Le autorità sanitarie statunitensi, attraverso le Dietary Guidelines for Americans 2020-2025 pubblicate congiuntamente dall'USDA e dal Dipartimento della Salute, suggeriscono un consumo giornaliero di fibre compreso tra 22 e 34 grammi per gli adulti, con variazioni legate all'età e al sesso. Lee propone una formula pratica: per ogni mille calorie consumate, occorre assumere approssimativamente 14 grammi di fibre. Una donna nella fascia d'età 19-30 anni che segua una dieta da 2.000 calorie dovrebbe raggiungere circa 28 grammi giornalieri, mentre un uomo della medesima età dovrebbe puntare a 34 grammi, riflettendo un fabbisogno calorico solitamente superiore.

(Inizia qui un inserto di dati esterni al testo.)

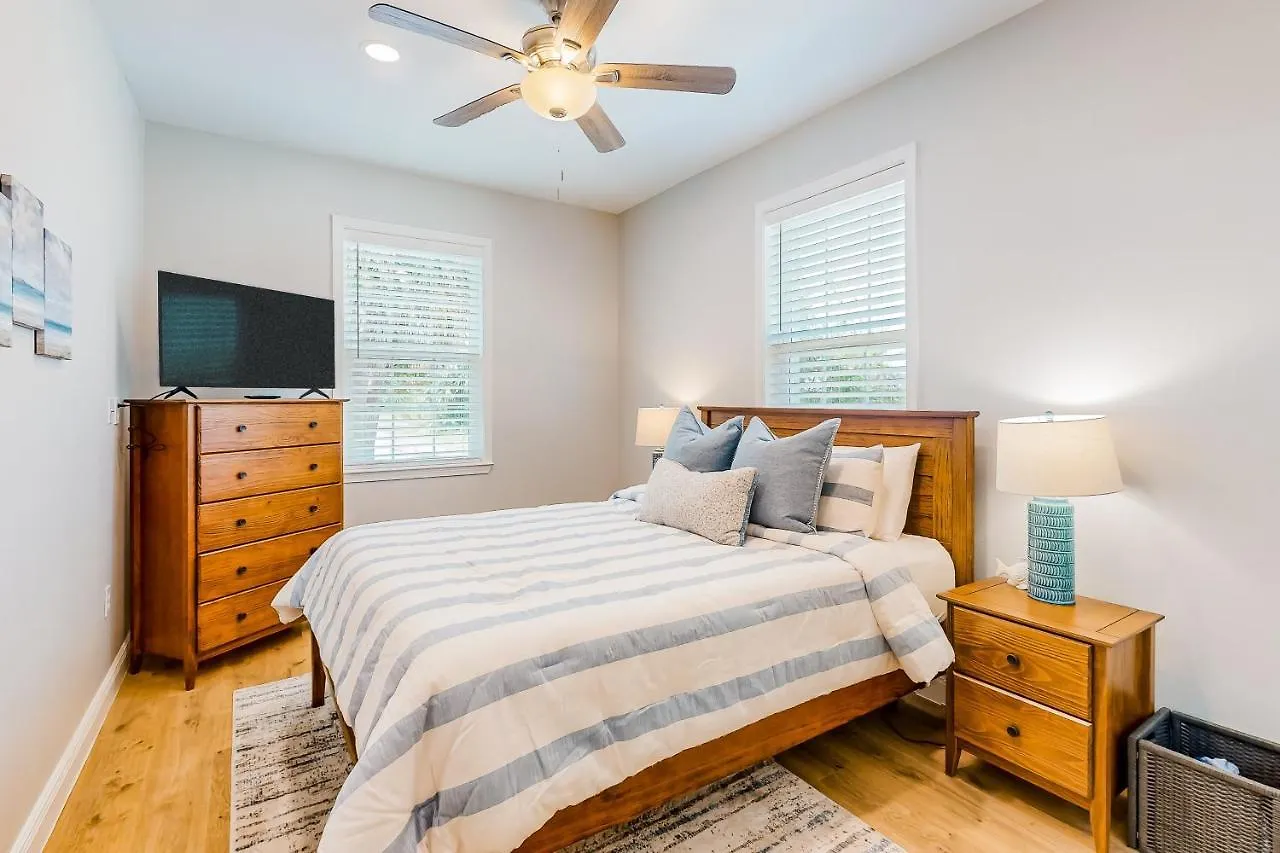 Cozy Coastal Port St. Joe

Dal punto di vista biochimico, le fibre si dividono in due categorie fondamentali con ruoli fisiologici distinti. Le fibre solubili, disperdendosi in acqua, creano una sostanza gelatinosa nel tratto gastrointestinale che rallenta la digestione e prolunga il senso di sazietà. Raggiunto il colon, diventano substrato per il microbiota intestinale, che le fermentazione producendo composti benefici per l'organismo. Questo meccanismo regola anche la glicemia, attenuando i picchi di glucosio nel sangue dopo i pasti. Le fibre insolubili, invece, accelerano il transito intestinale e contribuiscono alla regolarità digestiva, supportando l'equilibrio complessivo della flora batterica intestinale.